**Task item:** Please copy exactly the lines from the first in the records through the line that contains "appartement huren in", but not the pictures.

**Material provided:**
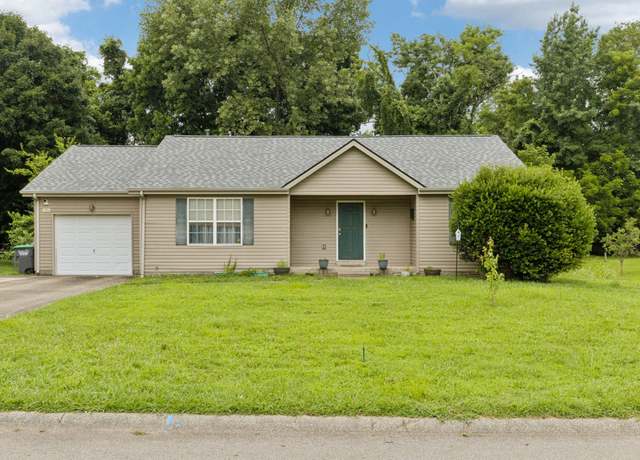 Property at 404 Kelsey Dr, Clarksville, TN 37042, 3 beds, 2 baths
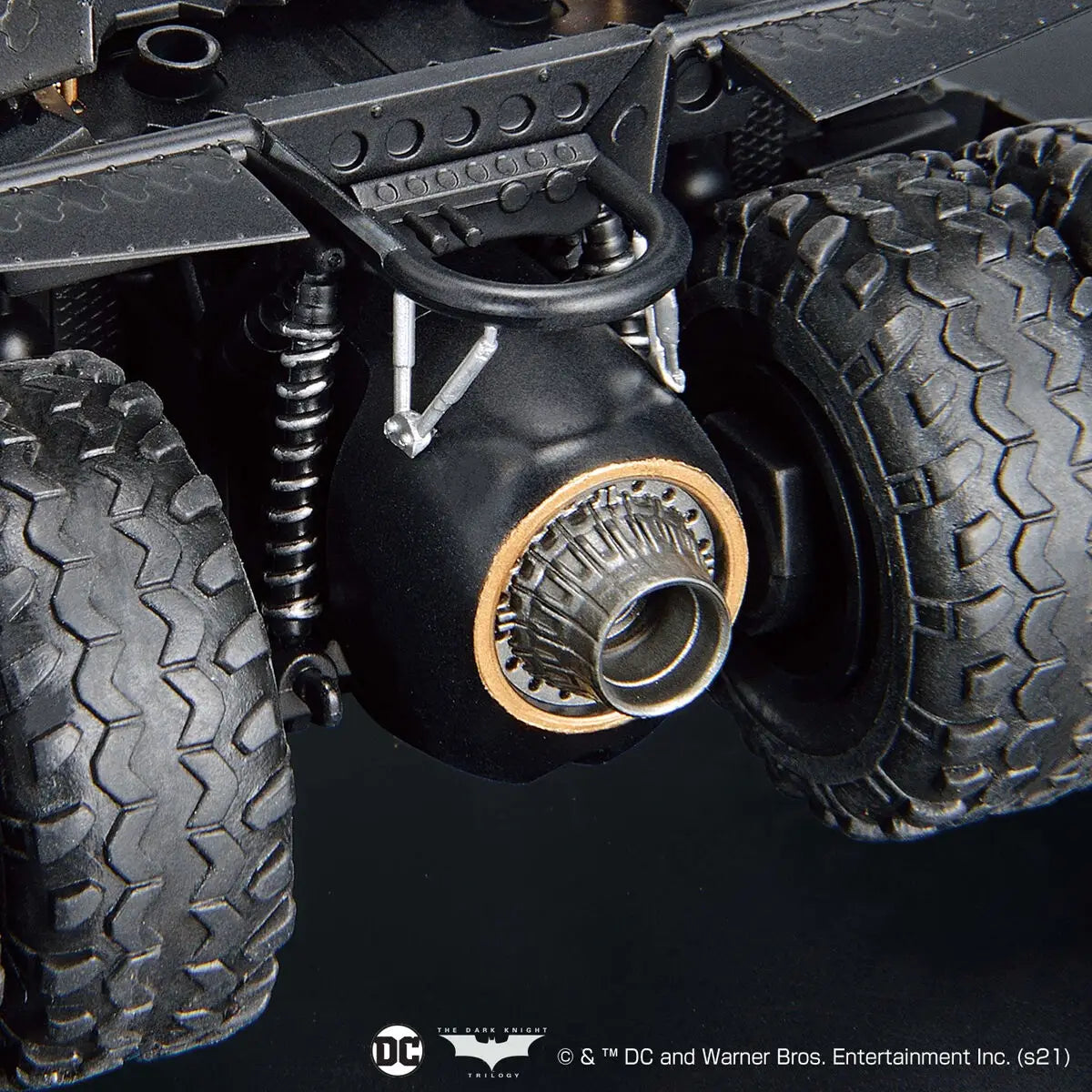 Bandai Batman 1/35 BatMobile (Batman Begins Ver.) [4573102621849]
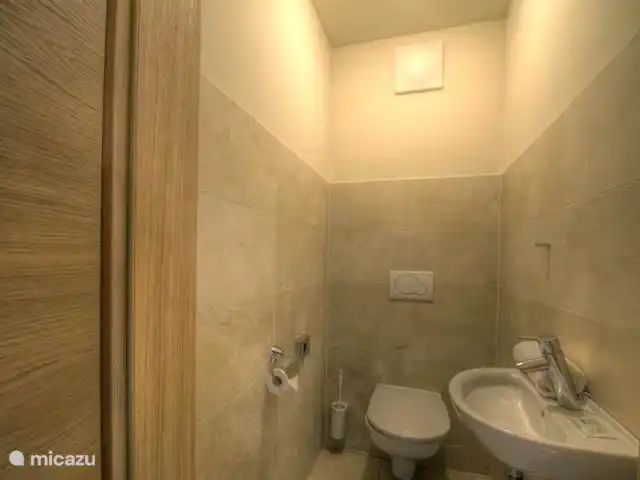 appartement huren in Oostenrijk, Salzburgerland, Kaprun – Kaprun Mountain Resort TopC27 Appart toilet Kaprun Mountain Resort TopC27 bij Kaprun Rentals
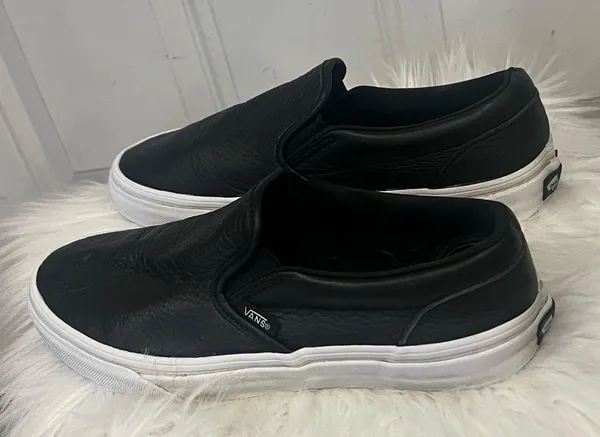 ⸻ Descripción (en inglés): Vans Classic Slip-On – Unisex Size 7 Men / 8.5 Women - Image 5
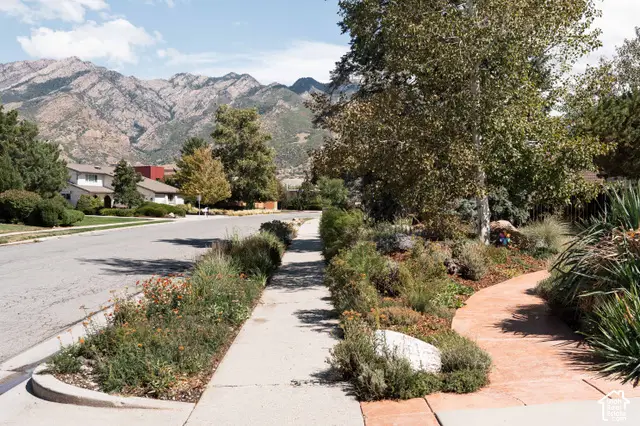2582 E Cavalier Dr S, Cottonwood Heights, UT 84121 - #3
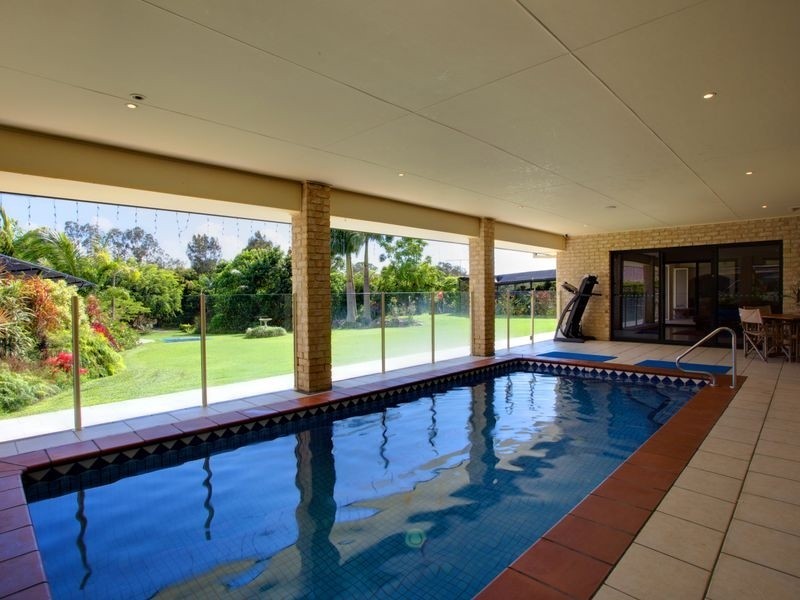 52 Riverdowns Crescent, Helensvale QLD 4212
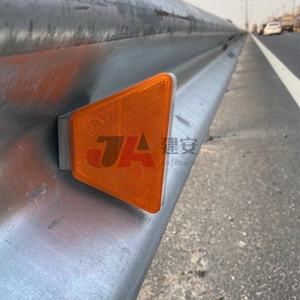 Sterk Reflecterende Pvc/D Kunststof Snelweg Vangrail Delineators Rijbaan Producten Voor Beter Zicht En Veiligheid - Product Image 3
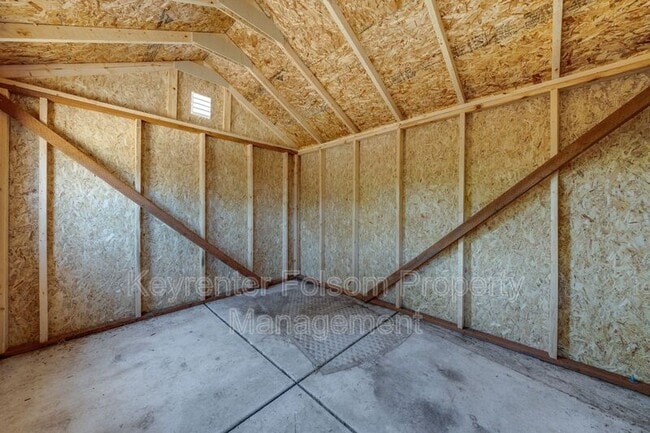 Building Photo - 5800 Deary Way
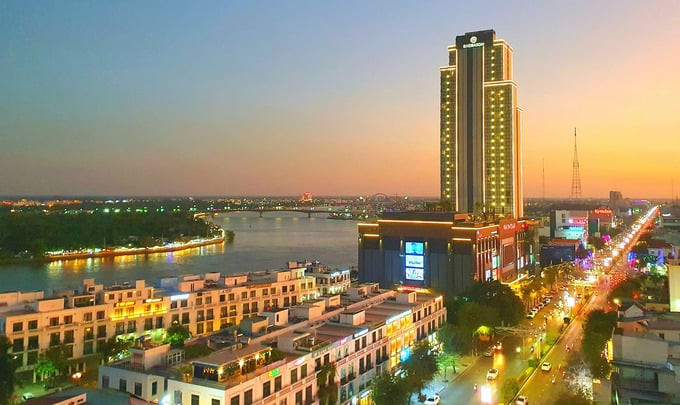 Khách sạn Sheraton Cần Thơ đẹp lung linh dưới ánh hoàng hôn.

**Your response:**
 Property at 404 Kelsey Dr, Clarksville, TN 37042, 3 beds, 2 baths
 Bandai Batman 1/35 BatMobile (Batman Begins Ver.) [4573102621849]
 appartement huren in Oostenrijk, Salzburgerland, Kaprun – Kaprun Mountain Resort TopC27 Appart toilet Kaprun Mountain Resort TopC27 bij Kaprun Rentals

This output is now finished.